Fraser is now an assistant professor at Brigham and Women’s Hospital and Harvard Medical School.
Dr. Judith Simms-Cendan, a professor of obstetrics and gynecology and director of international health programs at UCF’s College of Medicine, said the system Palmer created is remarkable.
“What he’s done really will make a difference,” Simms-Cendan said. “Some of these communities are so rural, they simply don’t keep records, and that’s very important for the delivery of quality health care.”
There are challenges. Sometimes the rain or bad weather in challenging environments requires the equipment to be shut off so it is not damaged. Other times the clinic has gotten so jammed up with people, that paper and pen is used to keep the flow of traffic going. Can’t do much about the weather, but Palmer said the team’s working on trying to speed up the process.

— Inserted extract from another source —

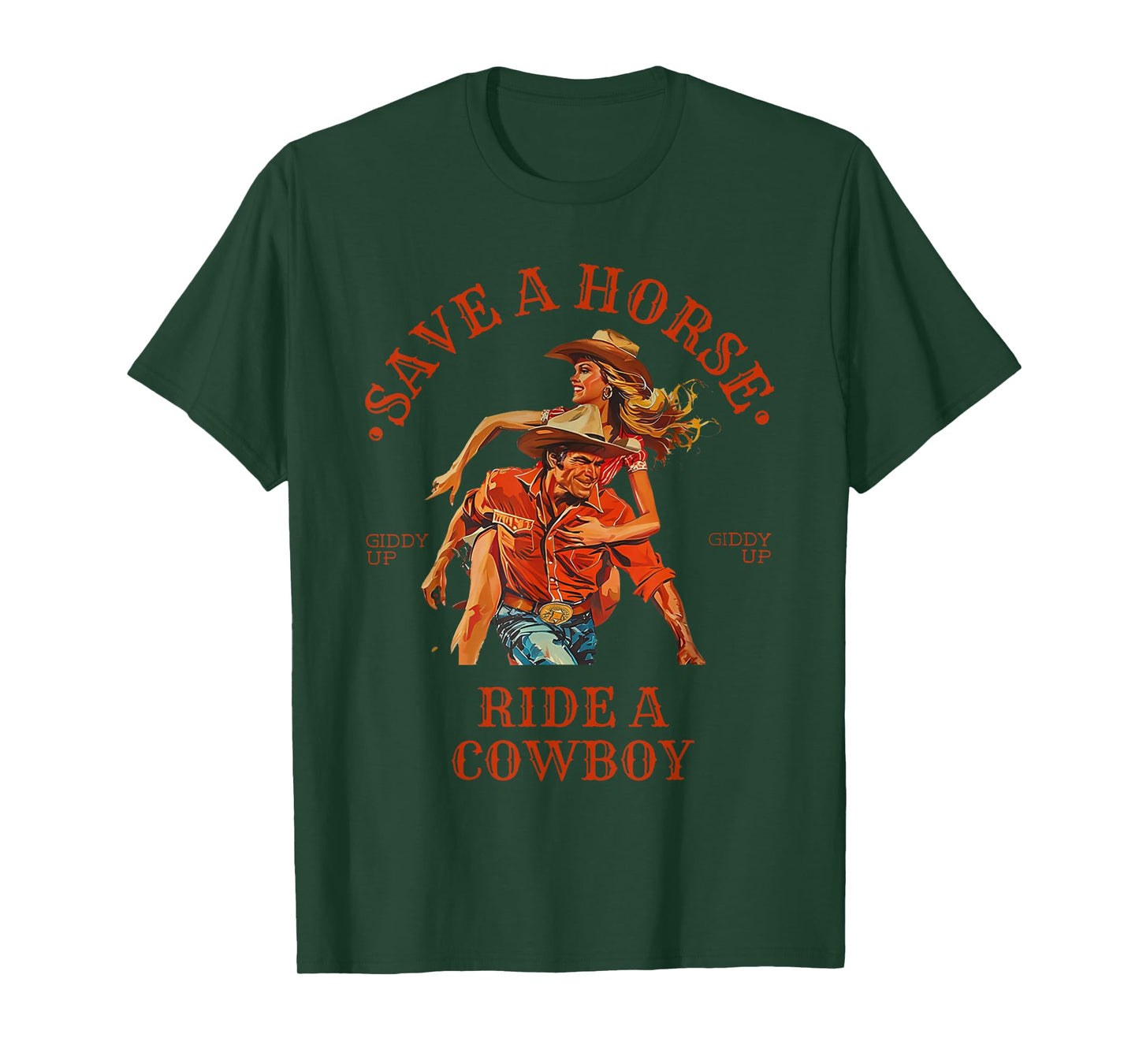 Save A Horse Ride A Cowboy Retro Vintage T-Shirt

Eventually, Palmer hopes his system will help doctors from all over the world working in remote areas by electronically tracking and storing patients’ information, while helping train him and other aspiring medical professionals.
“We’re doing a pretty cool thing,” Palmer said. “But anyone can do it. The bottom line is that we have this amazing free technology and it can help deliver quality health care to people anywhere, everywhere. That’s what being a doctor is all about, doing all you can to help people.”